Addressing the need for diversification, Idahosa emphasised the importance of a robust push for non-oil exports. Such an initiative could gain momentum, involving more Nigerians in export activities, thereby contributing to a more stable economic environment.

On the manufacturing sector’s outlook, Idahosa stressed that the improvement of the naira’s value would be a pivotal factor. A stronger naira could enable manufacturers to increase exports, potentially leading to reduced production costs and, consequently, lower product prices.

“The impact of the manufacturing sector depends on whether the currency improves, if the value of the naira is better then, they would be able to export more and hopefully reduce their prices. We hope that naira improves so that the cost of production will be lower, and they can produce more,” he said.

George Onafowokan, managing director/chief executive officer at Coleman Technical Industries Limited, said, “I don’t see the naira pushing too far in 2024 than it did last year due to the anxiety in the market. But as of now, with the amount of funding coming in, the foreign exchange crisis would not be as bad as it was last year.”

“On the impact of manufacturers, we will see a negative impact because the cost of production is still high. After all, the manufacturer still has to import raw materials. We hope the losses for last year don’t count or add up this year.

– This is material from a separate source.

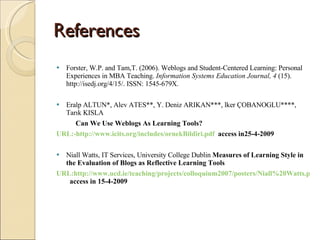 References  Forster, W.P. and Tam,T. (2006). Weblogs and Student-Centered Learning: Personal Experiences in MBA Teaching.  Information Systems Education Journal, 4  (15). http://isedj.org/4/15/. ISSN: 1545-679X. Eralp ALTUN*, Alev ATES**, Y. Deniz ARIKAN***, lker ÇOBANOGLU****, Tarık KISLA Can We Use Weblogs As Learning Tools? URL:-http://www.icits.org/includes/ornekBildiri.pdf   access in25-4-2009 Niall Watts, IT Services, University College Dublin  Measures of Learning Style in the Evaluation of Blogs as Reflective Learning Tools  URL:http://www.ucd.ie/teaching/projects/colloquium2007/posters/Niall%20Watts.pdf   access in 15-4-2009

Segun Ajayi-Kadir, director-general of the Manufacturers Association of Nigeria, said, “The sector may experience a meagre improvement in manufacturing output as forex and interest rates-related challenges are expected to subside from the third quarter.”

CardinalStone report has projected an exciting year ahead for Nigeria in 2024, with the gross domestic product growth rate anticipated to reach 3.5 percent.

The focal point of this optimistic outlook lies in the expected resurgence of the oil sector, which is poised to emerge from a three-year recession.

The key driver for this anticipated economic upswing is the projected improvement in oil production. Following a prolonged period of operational challenges, persistent oil theft, and underinvestment, the government’s recent push for offshore exploration is anticipated to mitigate these issues. This strategic shift towards offshore exploration, known for being less susceptible to oil theft, is seen as a positive signal for the future of oil production.

Moreover, the government has given the green light for a new marginal field round, specifically targeting dormant oil fields that have been abandoned by international oil companies (IOCs) for over a decade. These proactive measures by the government are expected to breathe new life into these neglected fields, potentially propelling average oil production to 1.56 million barrels per day (mb/d).

If these initiatives come to fruition, the associated GDP is likely to witness a significant boost, with a projected rise of 7.6 percent Year over Year (YoY). As Nigeria looks forward to 2024, these strategic actions suggest a positive trajectory for economic growth, particularly within the crucial oil sector.

Muda Yusuf, chief executive officer of the Centre for the Promotion of Private Enterprise, said the outlook for foreign exchange would be influenced largely by developments around the fundamentals of supply and demand of foreign exchange.